I love to hunt and fish. Boss Dogg likes to fish as well but she leaves the huntin thing to me. In my neck of the woods back in the day I was hunting from October to December. I did alot of bird hunting, quail, pheasant and a little duck. Did the BP and shot gun when it came to deer season. THEN I learned about bow huntin. Haven't done that yet but I do have a great bow. Sadly just about ALL the good huntin ground I hunted is gone. Ya know, the progress must progress kinda thing. Which really sucks.


----------



## Duke of Fluke (May 22, 2002)

I used to turkey hunt all the time about 10 years ago, but got out of it due to lack of places to go within easy driving distance. Most states in this area only allow turkey hunting until noon and it just did not make sense to drive 3 or more hours to hunt for half a day.

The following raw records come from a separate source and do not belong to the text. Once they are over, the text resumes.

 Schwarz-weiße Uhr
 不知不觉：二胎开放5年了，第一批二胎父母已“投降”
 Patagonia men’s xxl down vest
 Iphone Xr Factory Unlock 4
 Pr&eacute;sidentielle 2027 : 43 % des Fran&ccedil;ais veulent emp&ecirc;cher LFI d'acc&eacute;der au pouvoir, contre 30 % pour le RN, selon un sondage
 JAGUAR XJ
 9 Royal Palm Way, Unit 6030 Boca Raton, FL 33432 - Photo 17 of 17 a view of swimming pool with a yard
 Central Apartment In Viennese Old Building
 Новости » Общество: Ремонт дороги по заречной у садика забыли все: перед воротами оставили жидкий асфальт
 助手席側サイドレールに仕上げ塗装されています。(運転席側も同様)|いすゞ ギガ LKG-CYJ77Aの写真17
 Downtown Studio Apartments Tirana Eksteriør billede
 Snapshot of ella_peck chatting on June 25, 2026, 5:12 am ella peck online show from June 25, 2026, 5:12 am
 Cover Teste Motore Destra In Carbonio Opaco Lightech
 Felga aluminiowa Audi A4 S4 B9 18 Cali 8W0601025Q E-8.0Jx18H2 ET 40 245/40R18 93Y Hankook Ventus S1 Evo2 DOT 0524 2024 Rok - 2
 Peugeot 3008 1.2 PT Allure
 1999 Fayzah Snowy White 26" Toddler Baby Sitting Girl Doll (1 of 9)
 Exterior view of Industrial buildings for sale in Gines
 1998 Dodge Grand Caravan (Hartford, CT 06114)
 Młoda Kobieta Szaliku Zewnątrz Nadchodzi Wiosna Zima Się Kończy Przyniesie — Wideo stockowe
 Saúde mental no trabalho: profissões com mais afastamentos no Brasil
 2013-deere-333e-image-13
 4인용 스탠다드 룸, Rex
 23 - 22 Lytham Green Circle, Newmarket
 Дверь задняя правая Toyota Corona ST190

In the last year a bunch of new opportunities have opened up for me and I'm really looking forward to getting back into it. I just acquired access to 100 acres of prime turkey ground in PA. I am also joining a lease in WV that is loaded with birds. I also belong to a club with lots of good turkey ground on the Eastern Shore. With any luck I'll pull hat trick....birds in 3 states.


----------



## red_fish (Jul 22, 2007)

not sure how familier you are with the E shore but i remenber about 7 or 8 years ago there repopulated wild turkeys in cape charles and now 45 min north of there were my parents live there are more birds then you can shake a stick at there coming back really really good thanks to all the effort from us the NWTF and game depts


----------